Leptosema villosum

Scientific classification
- Kingdom: Plantae
- Clade: Tracheophytes
- Clade: Angiosperms
- Clade: Eudicots
- Clade: Rosids
- Order: Fabales
- Family: Fabaceae
- Subfamily: Faboideae
- Genus: Leptosema
- Species: L. villosum
- Binomial name: Leptosema villosum Crisp

= Leptosema villosum =

- Genus: Leptosema
- Species: villosum
- Authority: Crisp

Species of legume

Leptosema villosum is a species of flowering plant in the family Fabaceae and is endemic to the north of the Northern Territory. It is a prostrate or erect shrub or subshrub with winged stems and branches, leaves reduced to narrowly egg-shaped, channelled scales, greenish flowers, and flattened, oblong pods with a small beak.

==Description==
Leptosema villosum is a prostrate or erect shrub or subshrub that typically grows up to 50 cm high, its stems and branches winged, up to 20 mm wide. Its adult leaves are reduced to narrowly egg-shaped scales 4–6 mm long. The flowers are not resupinate, mostly arranged along the stems and densely hairy, each flower on a pedicel 2–4 mm long. The petals are greenish and shorter than the sepals, the standard petal 6–7 mm long and 3.0–3.5 mm broad, the wings more or less linear, 9.0–9.5 mm long and 1.0–1.5 mm wide and the keel pouch-like, 9.0–9.5 mm long and 3.5–4.0 mm wide. The ovary has a short stalk and two ovules. Flowering occurs in most months, and the pods are flattened, oblong, 7–8 mm long and 4–5 mm wide including a slender beak 2.5 mm long.

==Taxonomy==
Leptosema villosum was first formally described in 1999 by Michael Crisp in Australian Systematic Botany. The specific epithet (villosum) means 'villous'.
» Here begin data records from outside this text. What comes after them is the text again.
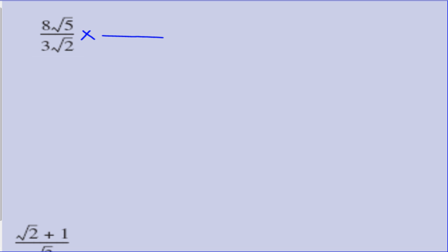Moving on to some harder examples. Here we have surds on both the top and the bottom with coefficients. How do we deal with that? There is a surd on the bottom — which one do we pick to rationalise the denominator? Rationalising the denominator means we have to fix the denominator, so we don't need to worry about what is on the top. We just need to worry about the surd on the bottom and multiply it by itself. We maintain the balance of the fraction by multiplying both the top and the bottom by the same number.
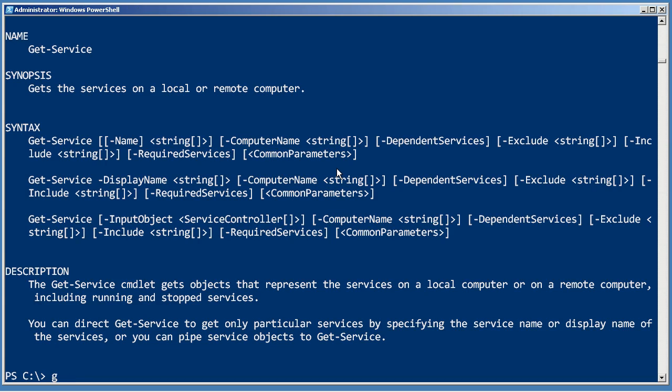One way I could do that is to say get service dash computer name server-r2, comma, localhost. But if I've got a list of computers that I'm frequently using, having to type their names in a comma separated list every single time is a little tricky. So here's what I want to do instead.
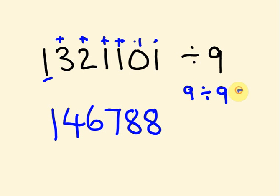9 divided by 9 equals 1. And this number we add to our answer. So we add 1 here.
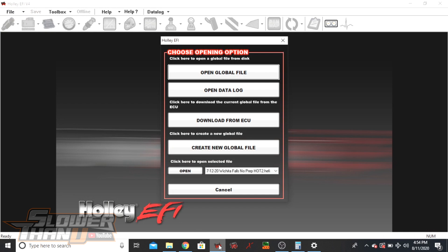Welcome to the Slower Than You channel. We're doing a couple of quick basic tuning videos to help people who are just beginning. This is a small series where we cover things on the user end that you need to know — either to help out your tuner, when bringing the car to a new tuner, or just for your own purposes. The first and most basic thing is being able to pull your tune and your data log off of your ECU and know where to find them so you can email them to whoever is working with your car.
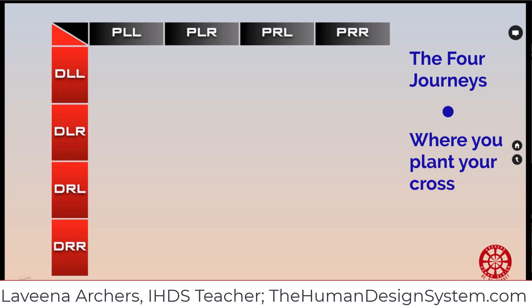So we are going into the four journeys now where you plant your cross, and this is about seeing how every single one of us has a roadmap for the journey that is transformative in our lives. In other words, your variable represents that roadmap — specifically the independent variable, because that's where the journey is. The independent variable represents your environmental frequencies.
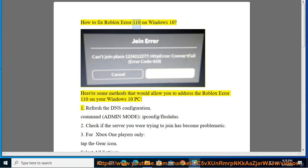How to fix Roblox Error 110 on Windows 10. Here are some methods that would allow you to address the Roblox Error 110 on your Windows 10 PC.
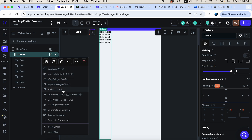You can also add comments to a specific widget to explain why you added it, using the 'Add Comment' option, though this is not critically important.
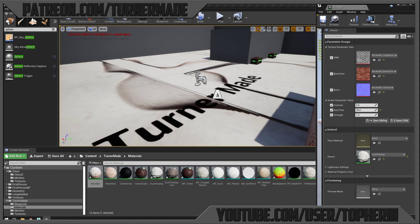That's adding dust, dirt, and surface detail to the tops of objects — another Unreal Engine tutorial. I hope this has been helpful. If you have any requests or questions, feel free to comment below and I'll try to make a video for you. You can also support me on Patreon at patreon.com/turnermade — your support makes it possible for me to continue making these videos. Until next time!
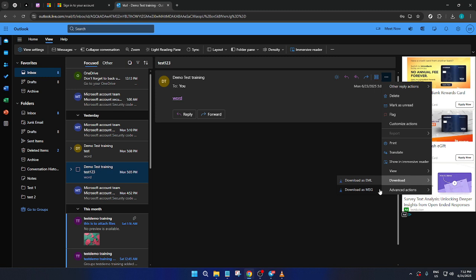And just like that, you've successfully exported an email from Outlook. By repeating this process for each email you wish to export, you'll be able to create a comprehensive backup or transfer your selected emails elsewhere. Thank you for watching, and I hope this guide has been helpful in navigating how to export emails from Outlook. For more tech tutorials and tips, be sure to stay tuned to our channel.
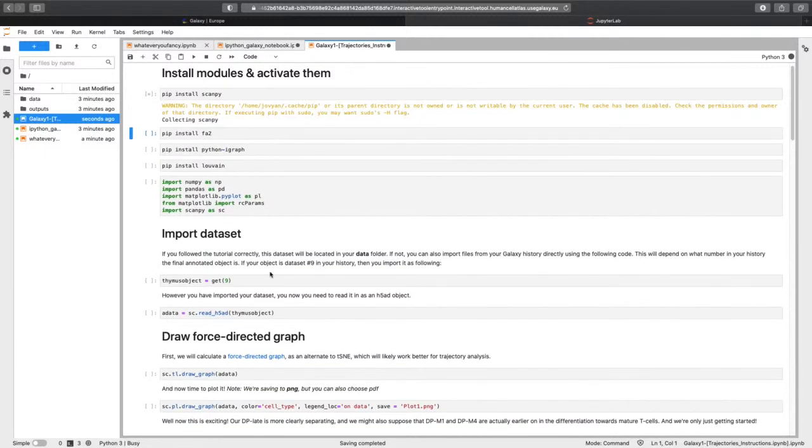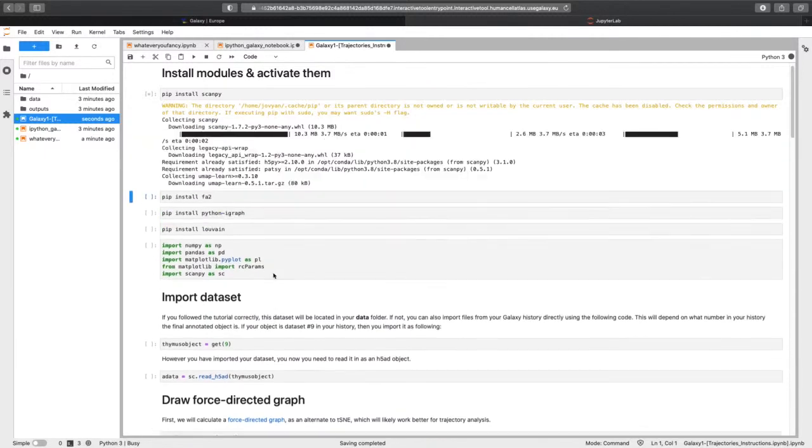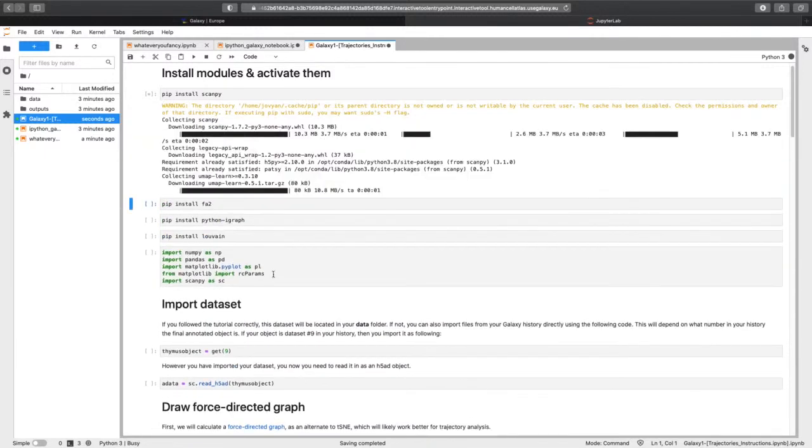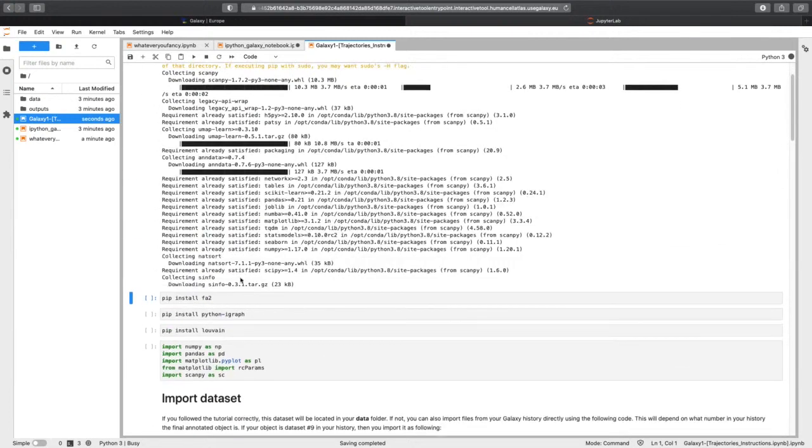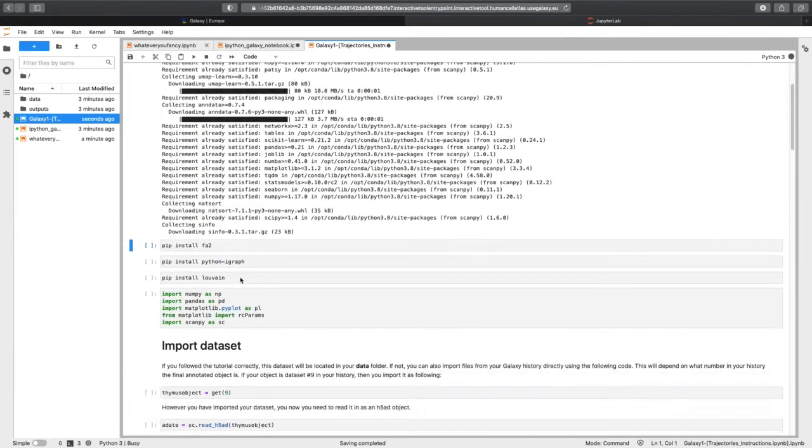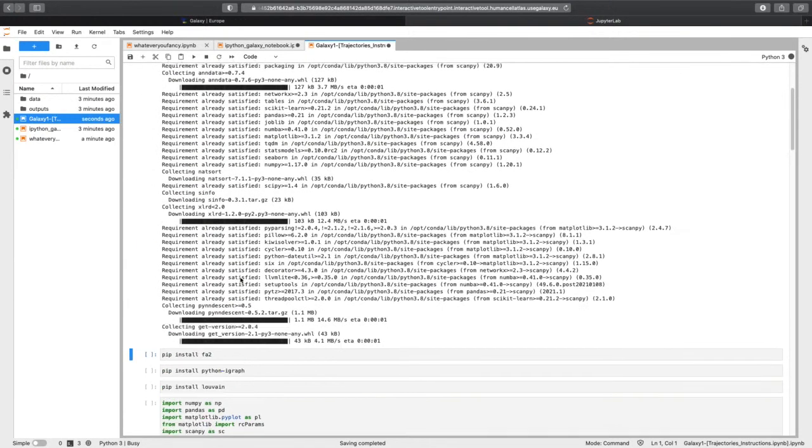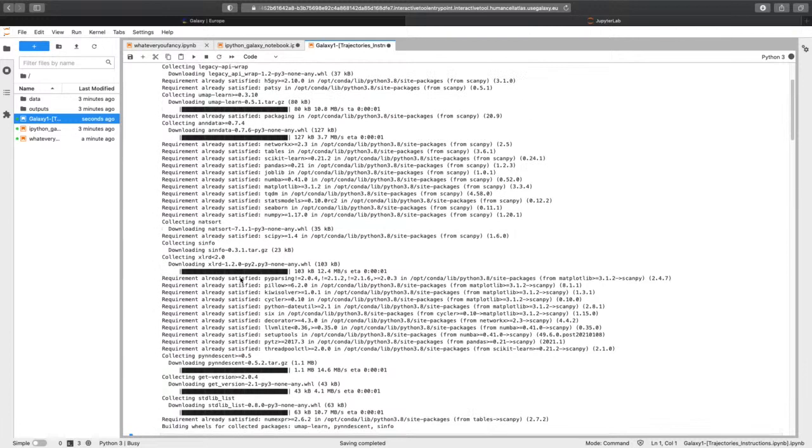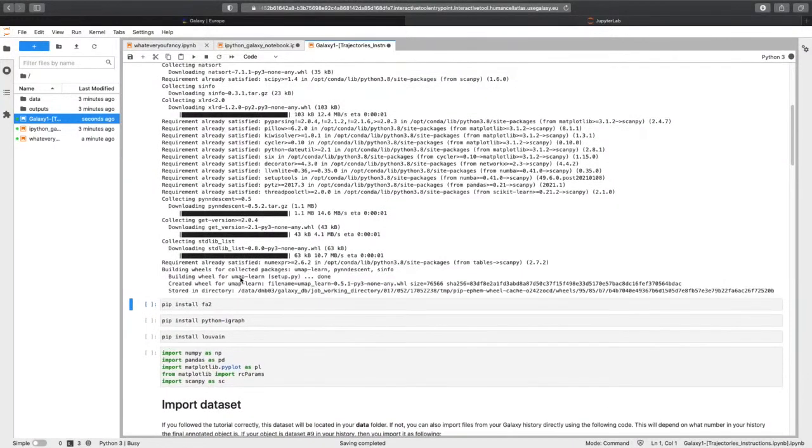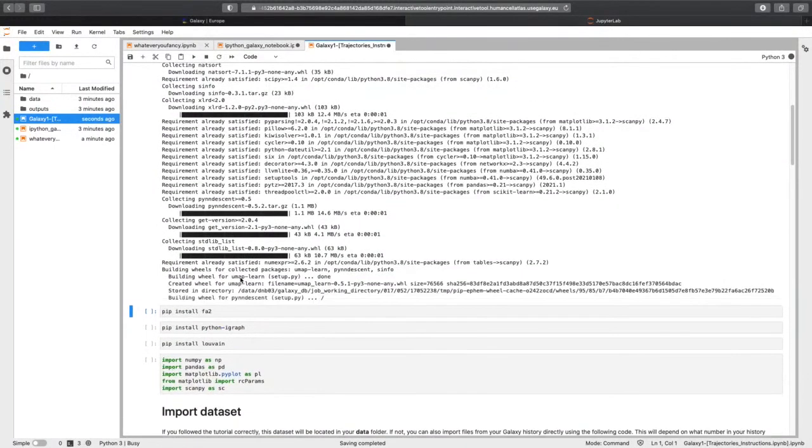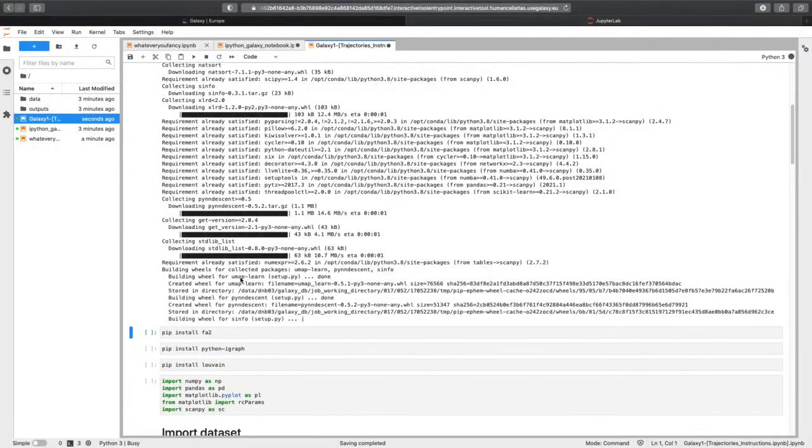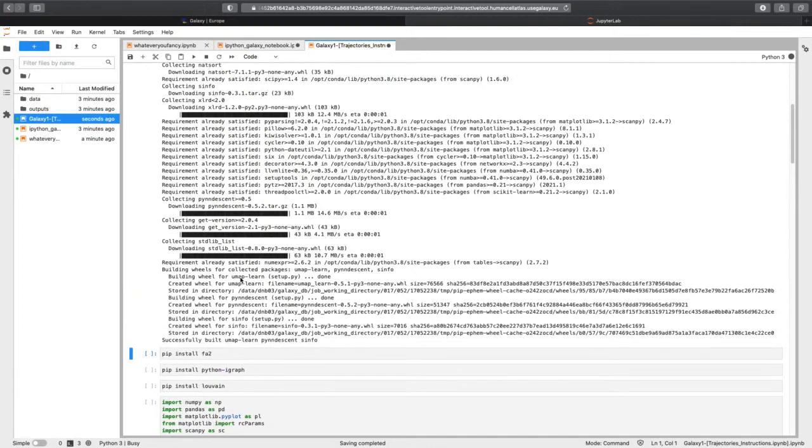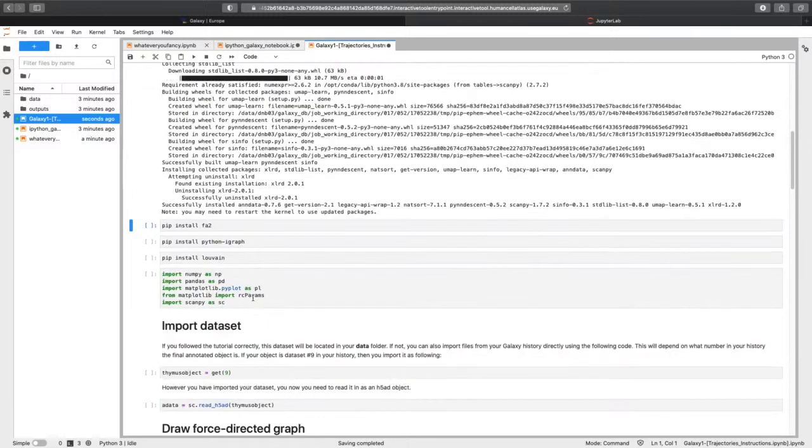And this is where you sort of transition from the Galaxy tutorial into a notebook tutorial, where it'll give you lots of lovely information about each thing. Because it's not wrapped in these lovely, wonderful Galaxy tools, it is using proper code, proper Python. You do have to install a few things at the beginning to make sure that your code will work.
==Distribution and habitat==
Leptosema villosum grows in sand over sandstone or laterite in sedgeland, woodland or forest in the Arnhem Coast, Arnhem Plateau Central Arnhem Gulf Coastal Gulf Fall and Uplands and Pine Creek bioregions of the Northern Territory. It occurs in the Kakadu, Limmen and Nitmiluk National Parks.

==Conservation status==
Leptosema villosum is listed as of "least concern" under the Northern Territory Territory Parks and Wildlife Conservation Act.